> TASK ITEM: Every line from the one containing "Aromatherapy lamp with candle vector" through the end of the listing below goes in the output, exactly and without pictures.
#### PROVIDED DATA ####
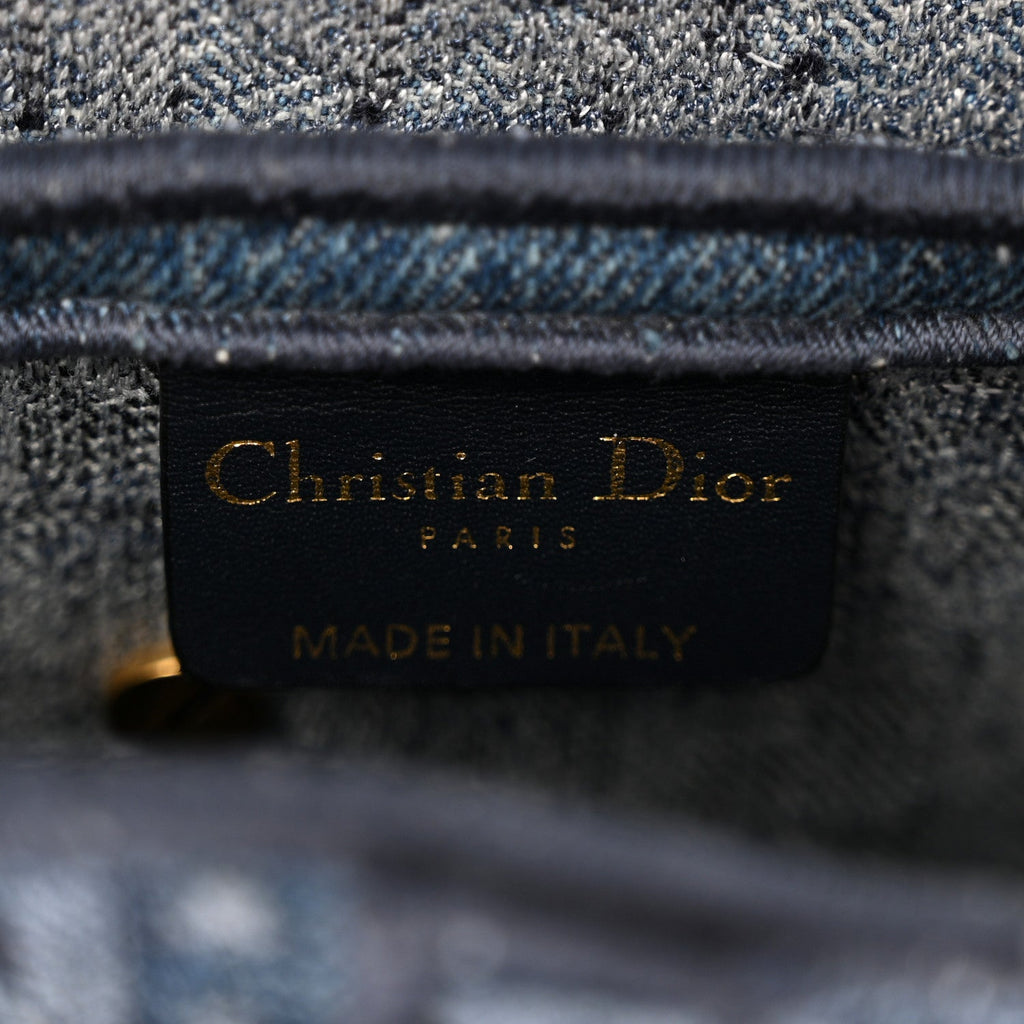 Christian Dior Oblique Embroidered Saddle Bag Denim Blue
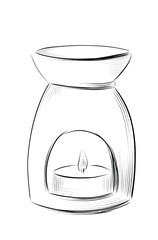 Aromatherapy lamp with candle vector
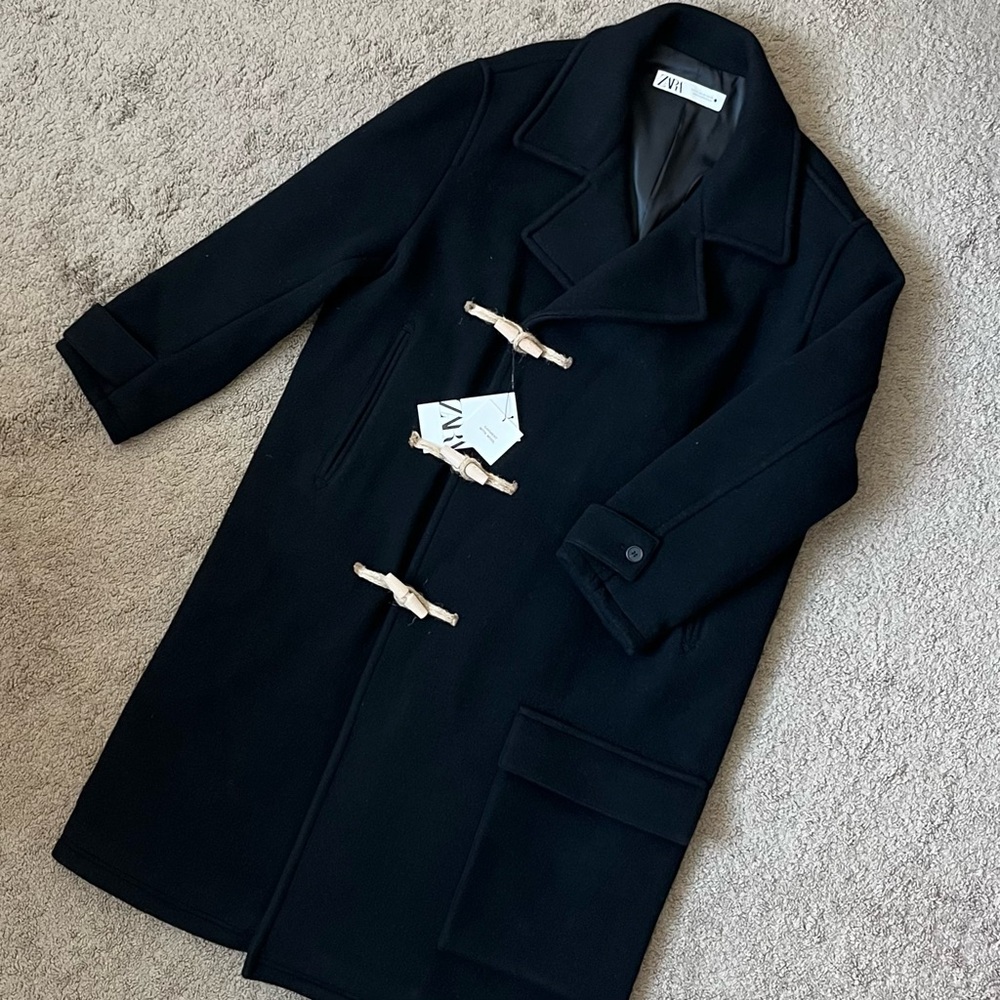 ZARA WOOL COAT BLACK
####
> ANSWER TO THIS PROBLEM:
 Aromatherapy lamp with candle vector
 ZARA WOOL COAT BLACK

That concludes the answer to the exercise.